In this case, Ms. Tyler's claims against Defendants are barred by the doctrine of res judicata. Under res judicata, a prior judgment bars a subsequent action where: (1) the parties are identical in both suits; (2) the prior judgment was rendered by a court of competent jurisdiction; (3) there was a final judgment on the merits; and (4) the same cause of action was involved in both cases. Nilsen v. City of Moss Point, 701 F.2d 556, 559 (5th Cir. 1983). Further, the doctrine of res judicata "bars all claims that were or could have been advanced in support of the cause of action on the occasion of its former adjudication." Id. at 560 (citing Allen v. McCurry, 449 U.S. 90, 94 (1980)) (emphasis original).
The parties in the case at hand are identical to the parties in the previous suit. See Nilsen, 701 F.2d at 559. In the previous case, Ms. Tyler was the plaintiff, and the defendants were Ocwen Loan Servicing and Deutsche Bank. See Tyler, 3:15-cv-01117-N-BK. The Court was of competent jurisdiction when it rendered its previous judgment on Ms. Tyler's allegations. See id. Further, the final judgment entered in the previous case was based on its merits. See id. Finally, all the causes of action brought by Ms. Tyler are the same as, or could have been brought, in the previous action. See id. Because all of the necessary elements are present, the principle of res judicata applies to this suit. See Nilsen, 701 F.2d at 559-561.
RECOMMENDATION
The undersigned recommends that this case be dismissed with prejudice, because the allegations brought by Plaintiff Lou Tyler are barred by res judicata.
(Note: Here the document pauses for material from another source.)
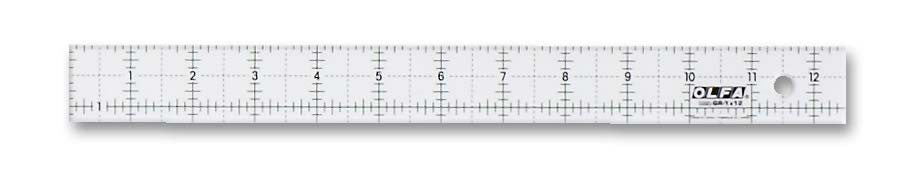 RULER OLFA FROSTED ACRYL 1X12 COMPANION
SO RECOMMENDED this 19 day of July 2016.
/s/_________
PAUL D. STICKNEY
UNITED STATES MAGISTRATE JUDGE
INSTRUCTIONS FOR SERVICE AND
NOTICE OF RIGHT TO APPEAL/OBJECT
The United States District Clerk shall serve a true copy of these findings, conclusions and recommendation on the parties. Pursuant to Title 28, United States Code, Section 636(b)(1), any party who desires to object to these findings, conclusions and recommendation must serve and file written objections within ten days after being served with a copy. A party filing objections must specifically identify those findings, conclusions or recommendation to which objections are being made. The District Court need not consider frivolous, conclusory or general objections. A party's failure to file such written objections to these proposed findings, conclusions and recommendation shall bar that party from a de novo determination by the District Court. See Thomas v. Arn, 474 U.S. 140, 150 (1985). Additionally, any failure to file written objections to the proposed findings, conclusions and recommendation within ten days after being served with a copy shall bar the aggrieved party from appealing the factual findings and legal conclusions of the Magistrate Judge that are accepted by the District Court, except upon grounds of plain error. Douglass v. United Servs. Auto. Ass'n, 79 F.3d 1415, 1417 (5th Cir. 1996) (en banc).